▶ [DIRECTIONS]: A faithful copy of the entries is required, with no images in it.

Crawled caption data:
§ §

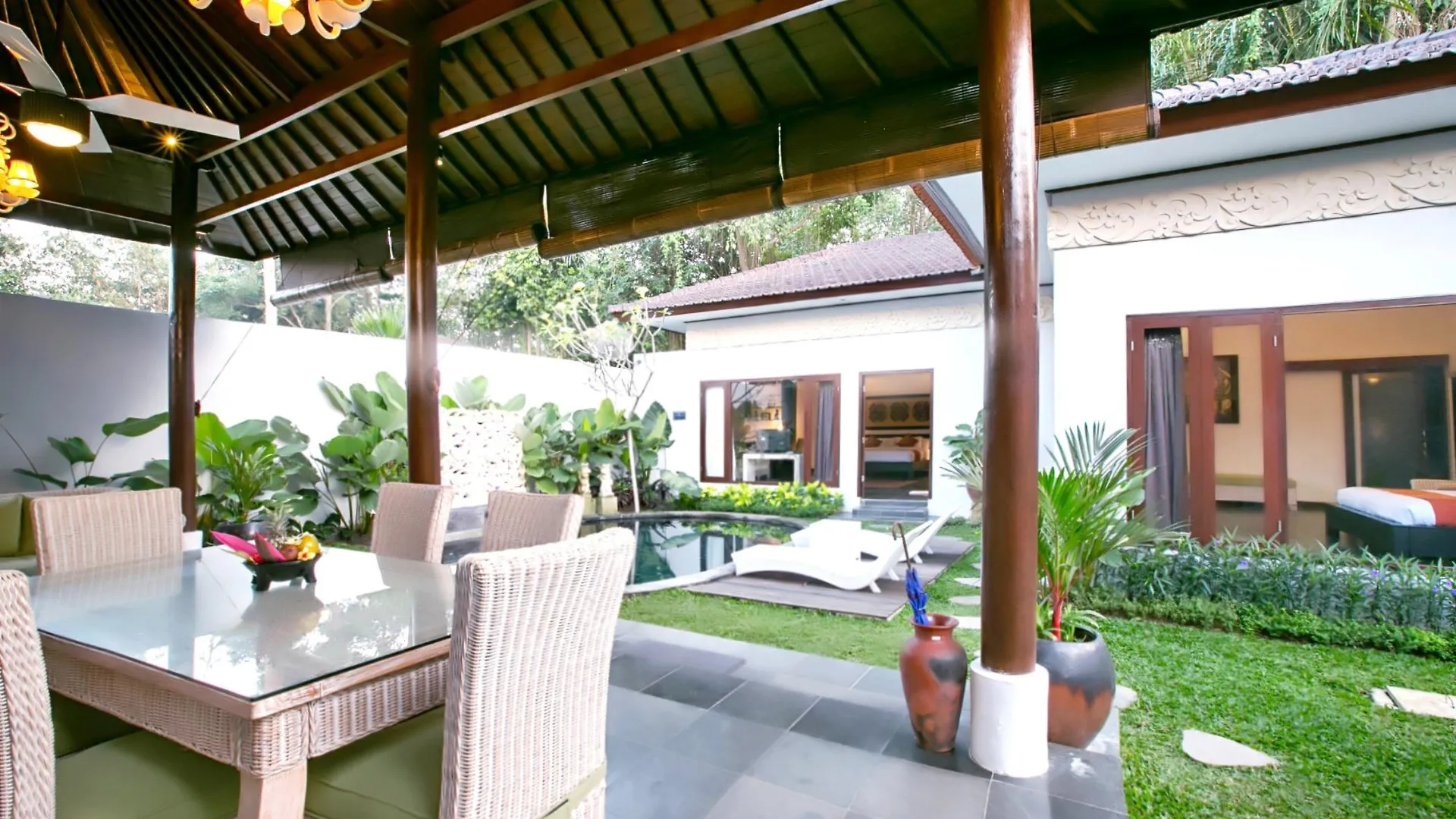 Ubud Raya Villa Station touristique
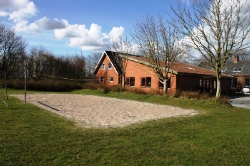 Bilder vom Spielplatz von der Gruppenunterkunft 03453460 BJERGET EFTERSKOLE in Dänemark 7741 Froestrup f&uuml;r Gruppenfreizeiten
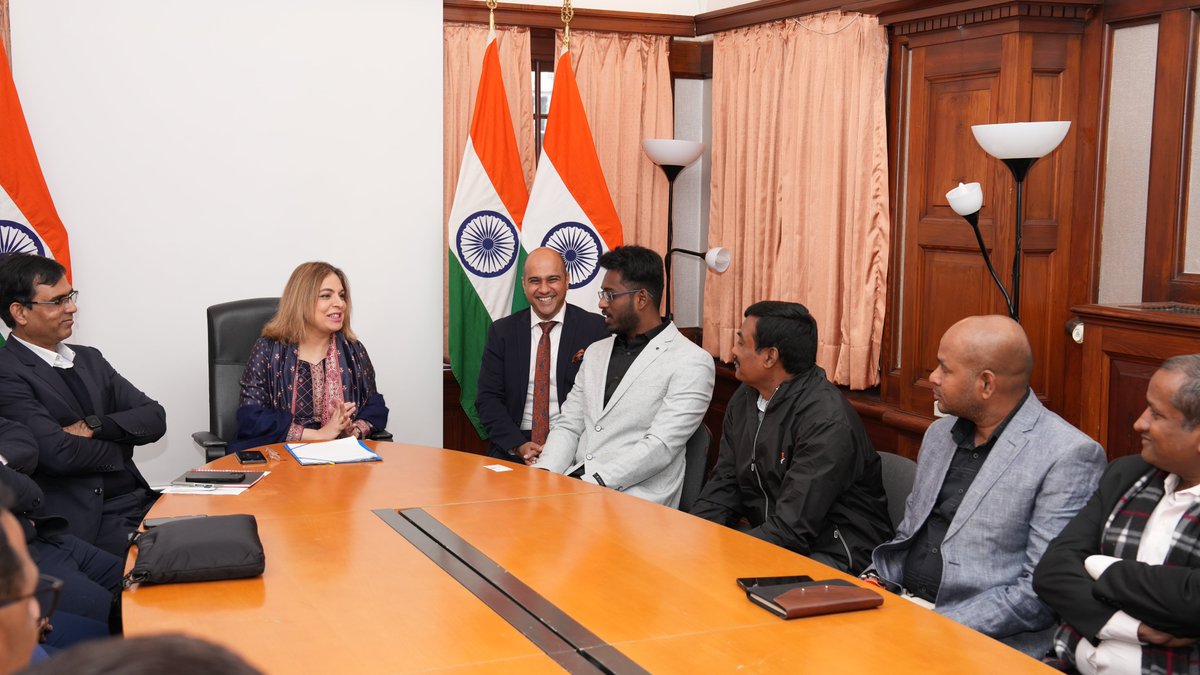 IndiainDenmark's tweet photo. A multisectoral business delegation led by @FIEOHq visited Denmark. Amb @Pooja_Kapur briefed them and highlighted the market & tech tie-up opportunities in Denmark. The delegation also interacted with @DanskIndustri, #CreativeDenmark & other Danish businesses. #IndiaDenmark https://t.co/VQjkPQmehE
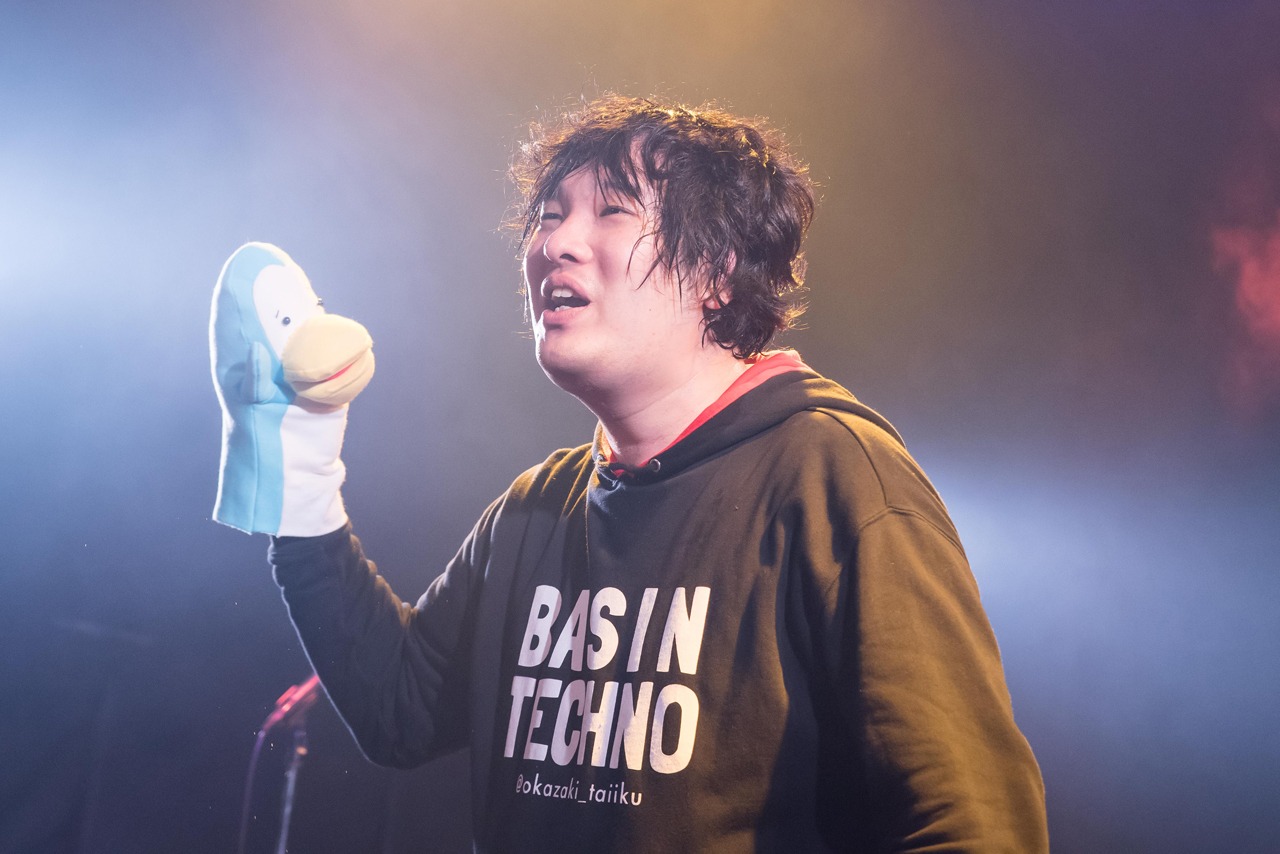 岡崎体育によるライブの様子。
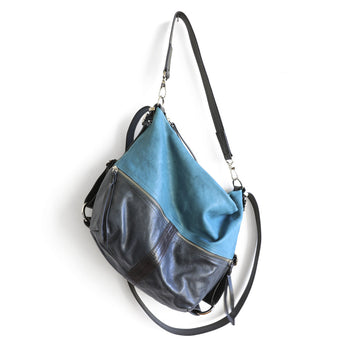 CDZ513 | Jhia | Singapore | City Safari Double Zip - Medium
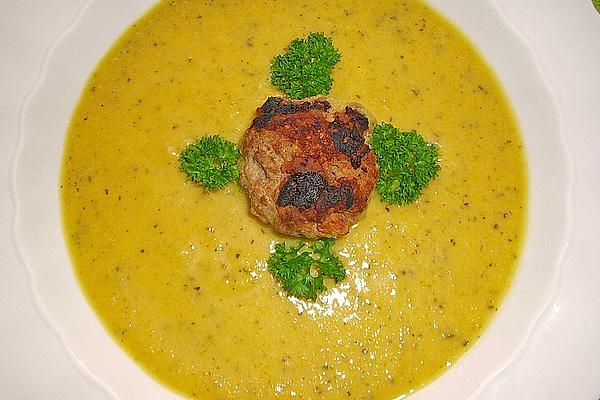 Zucchini Cream Soup with Meatballs (without Carbohydrates)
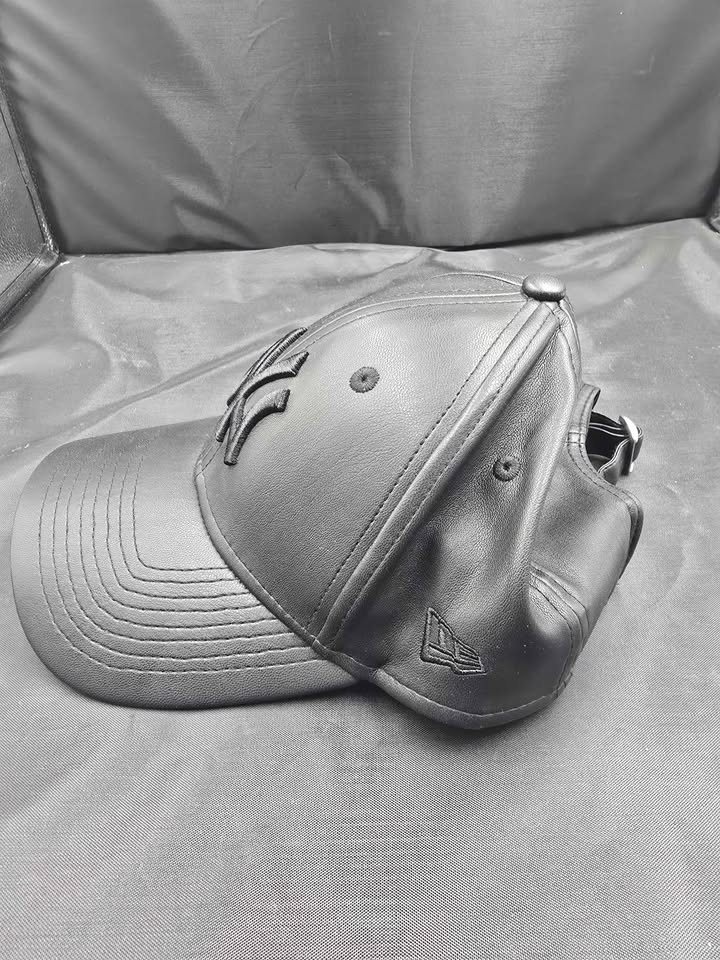 New York Yankees Leather Hat 9FORTY Women’s Adjustable New Era Black Cap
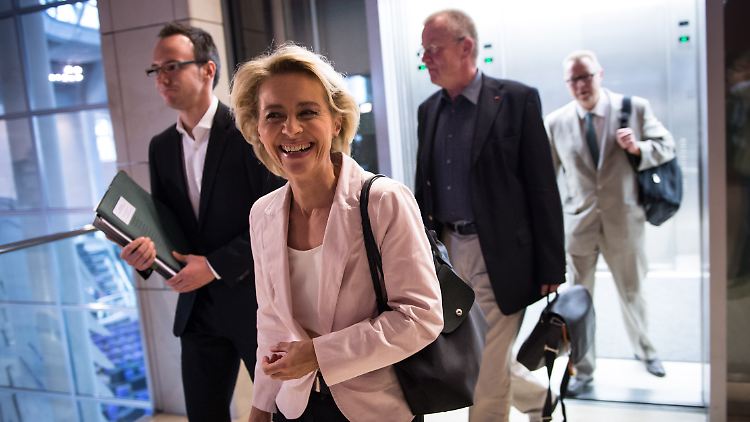 "Meine Aufgabe als Rentenministerin ist es, für den Kampf gegen Altersarmut aufzustehen", sagt Ursula von der Leyen.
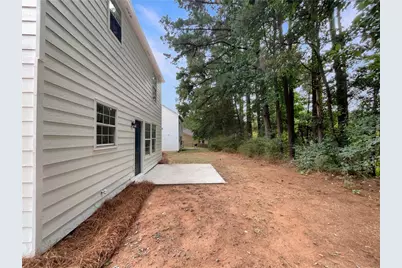 1579 Dillard Road, Stone Mountain, GA 30088 - Photo 9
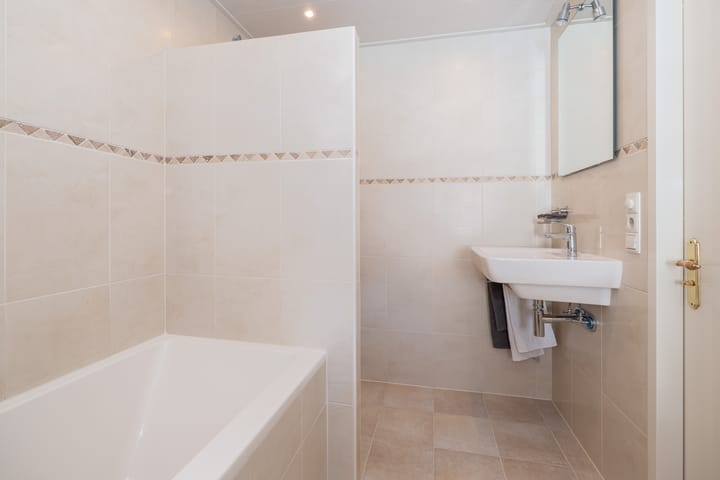 Foto 29 van Heestereng 16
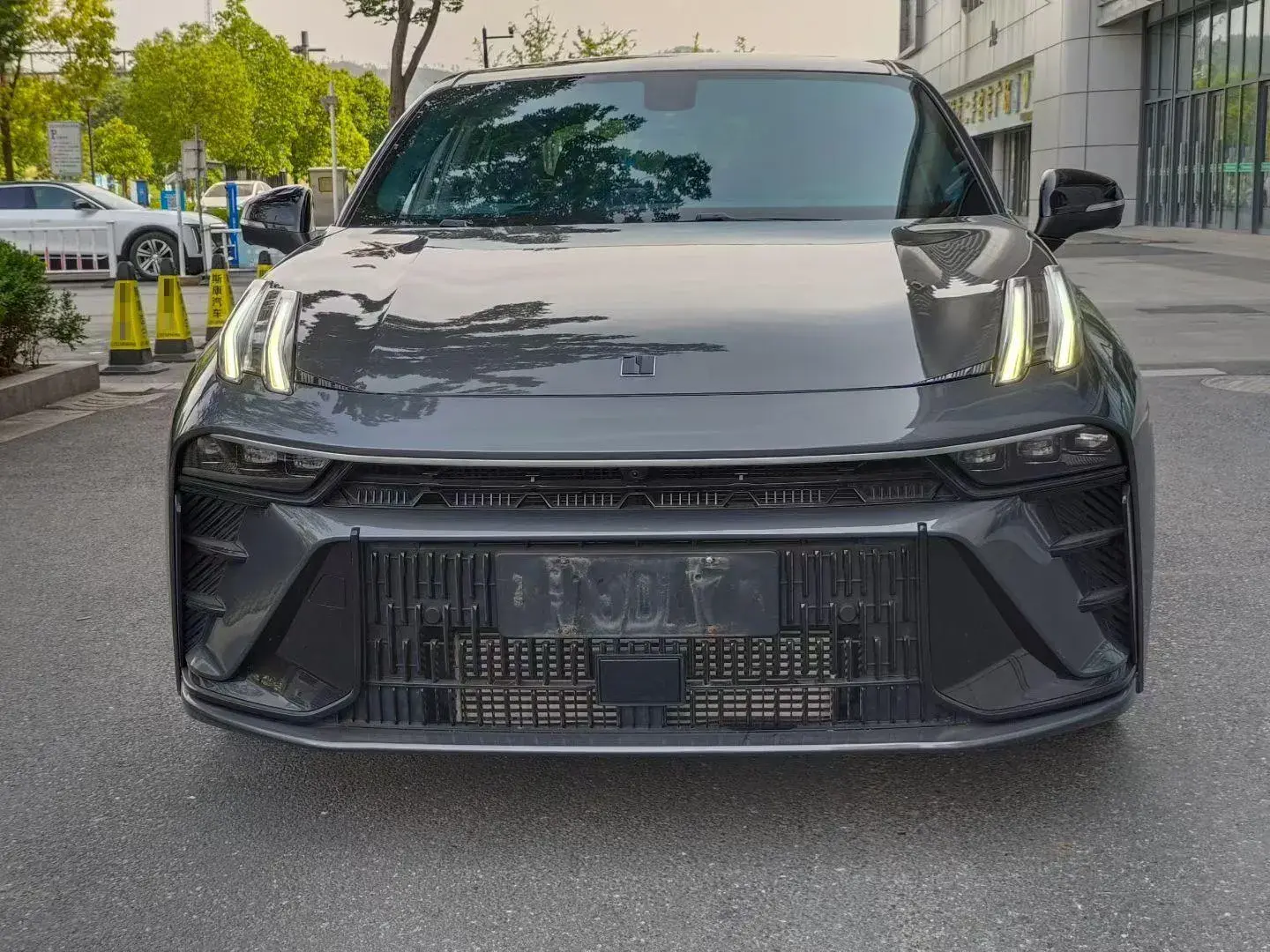 2023 LYNK&CO 03 thumbnail 2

§ §

▶ [TASK ANSWER]:
 Ubud Raya Villa Station touristique
 Bilder vom Spielplatz von der Gruppenunterkunft 03453460 BJERGET EFTERSKOLE in Dänemark 7741 Froestrup f&uuml;r Gruppenfreizeiten
 IndiainDenmark's tweet photo. A multisectoral business delegation led by @FIEOHq visited Denmark. Amb @Pooja_Kapur briefed them and highlighted the market & tech tie-up opportunities in Denmark. The delegation also interacted with @DanskIndustri, #CreativeDenmark & other Danish businesses. #IndiaDenmark https://t.co/VQjkPQmehE
 岡崎体育によるライブの様子。
 CDZ513 | Jhia | Singapore | City Safari Double Zip - Medium
 Zucchini Cream Soup with Meatballs (without Carbohydrates)
 New York Yankees Leather Hat 9FORTY Women’s Adjustable New Era Black Cap
 "Meine Aufgabe als Rentenministerin ist es, für den Kampf gegen Altersarmut aufzustehen", sagt Ursula von der Leyen.
 1579 Dillard Road, Stone Mountain, GA 30088 - Photo 9
 Foto 29 van Heestereng 16
 2023 LYNK&CO 03 thumbnail 2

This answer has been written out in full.